In unincorporated areas of Santa Clara County, commercial cultivation of marijuana is banned. The Patient and Caregiver Medical Marijuana Cultivation Ordinance regulates cultivation by three or fewer qualified patients and primary caregivers for the patient’s personal medical use and prohibits distribution.
“There is a wave of communities looking at banning cultivation, which is an unfortunate side effect of regulations,” said Mike Adams, a grower from Nurturing Seed Farms in Mendocino County.
Adams was part of a panel discussion on cannabis at the EcoFarm conference in Pacific Grove on Friday. The well-attended panel was the first of its kind for the agricultural conference, which focuses on sustainable, organic and ecological farming techniques.
Adams sees the cultivation of cannabis as an opportunity for small-scale farmers to bolster their revenue and gird them from the risk of operating a small farm. He said that with small-scale farming you are “basically taking a vow of poverty.”
Calling cannabis the “number one cash crop,” Adams said in his eight years in California he can confidently say that cannabis growers are doing financially better than those growing kale.
Yet, with the trend of cultivation bans sweeping the state, it is hard to predict how things will pan out for people interested in growing cannabis.
Since 2004, when SB 420 established the medical marijuana program in the state, a patchwork of municipal ordinances has popped up as local jurisdictions attempted to address key issues like land use and public safety. Most ordinances dealt primarily with dispensaries and brick and mortar stores, not cultivation.

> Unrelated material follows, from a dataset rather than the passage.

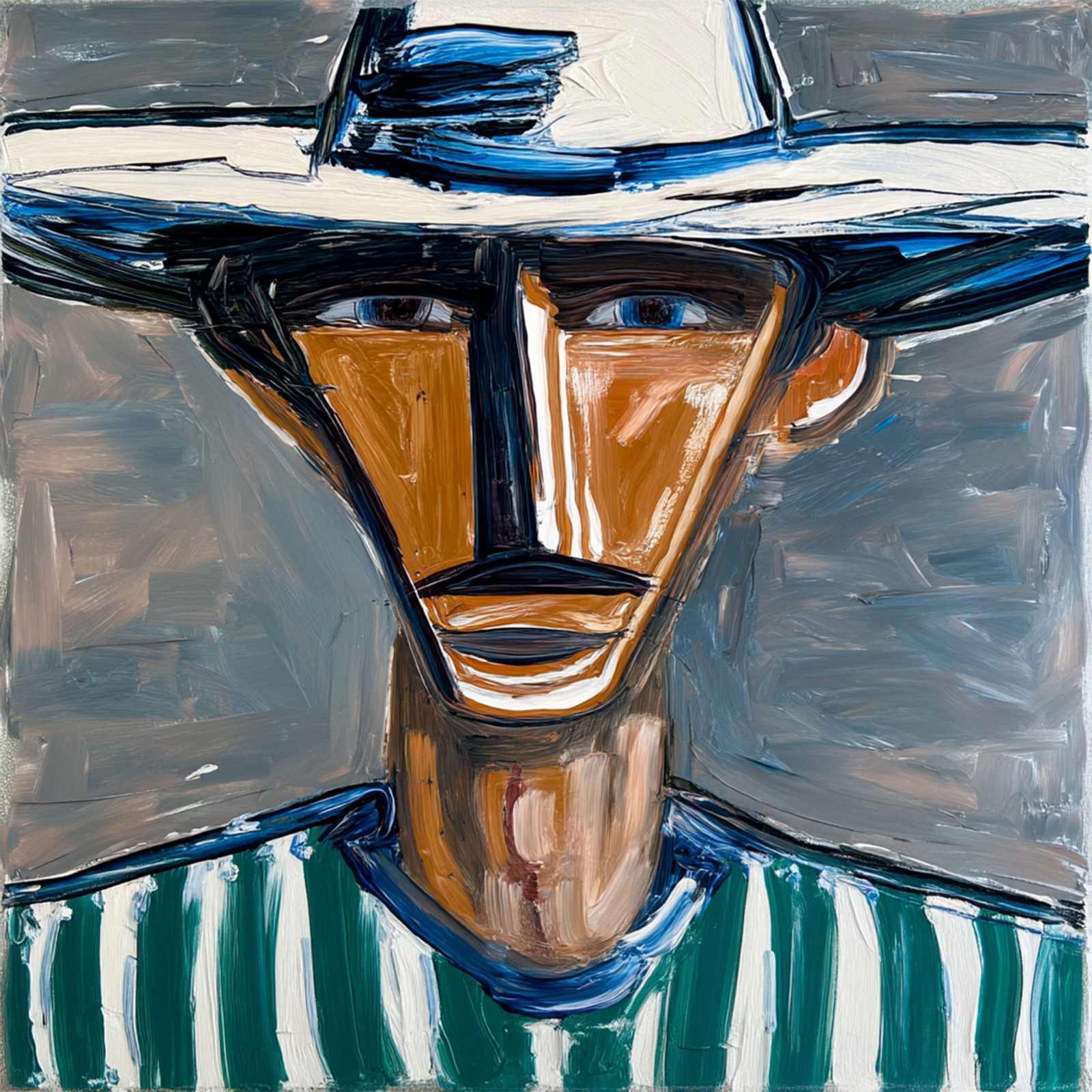 Poster - Abstrakt Man med Hatt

All that changed with the signing of MMRSA. While most of the provisions of the law do not fully take effect until 2018, the rush by local jurisdictions to put their own regulations on the books has left growers, industry watchers and patient advocates in a state of shock.

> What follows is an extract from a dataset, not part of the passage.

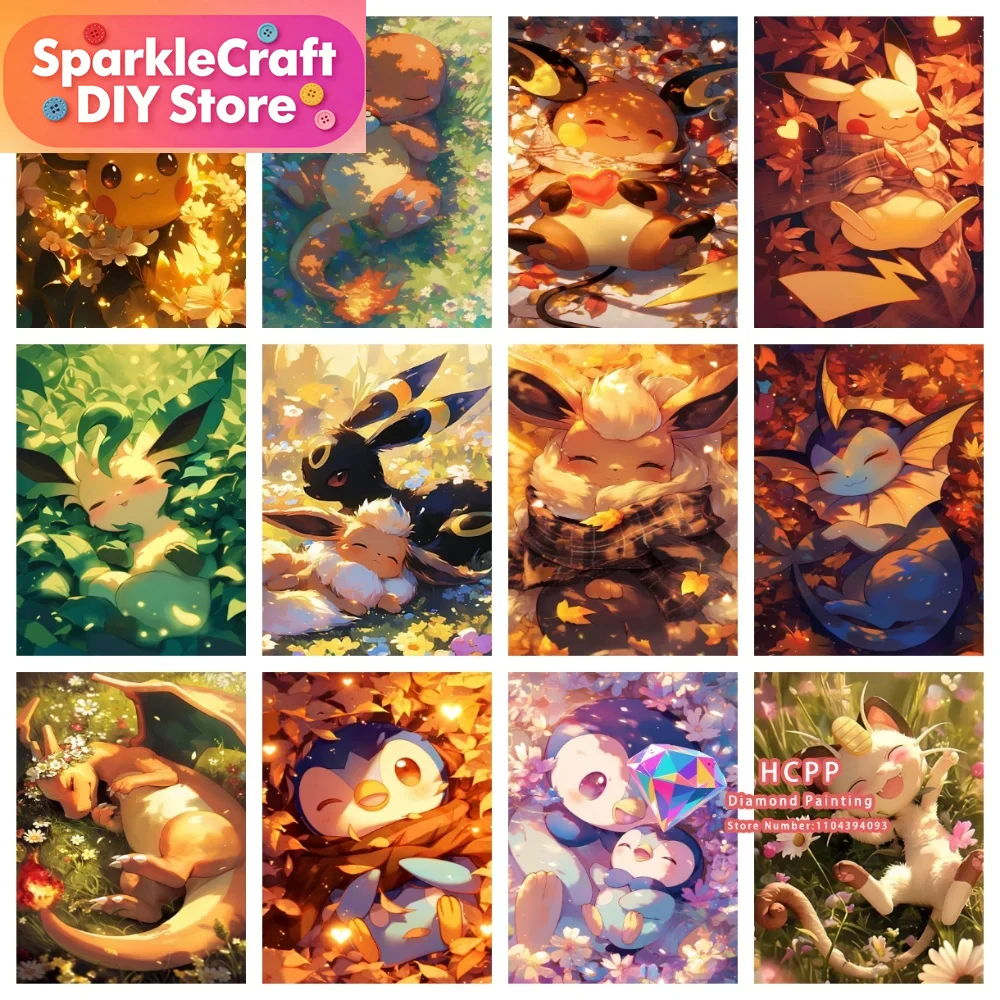 Resin Craft Kit - 1pc 프레임리스 만화 포켓몬 피카추 Charizard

In an open memo to local governments, medical marijuana patient advocacy group, Americans for Safe Access, stated that banning the personal and commercial cultivation of medical cannabis since the adoption of the MMRSA is “an unnecessary step that is harmful to patients and may deprive the cities and counties of the proven benefits of regulation: reduced crime, fewer complaints, greater clarity for all stakeholders (especially law enforcement), tax revenue, and more.”
Researchers from cannabis industry investment firm The ArcView Group found that the U.S. market for legal cannabis grew 74 percent in 2014 to $2.7 billion, up from $1.5 billion in 2013. According to the Washington Post, the cannabis industry will be worth $35 billion by 2020.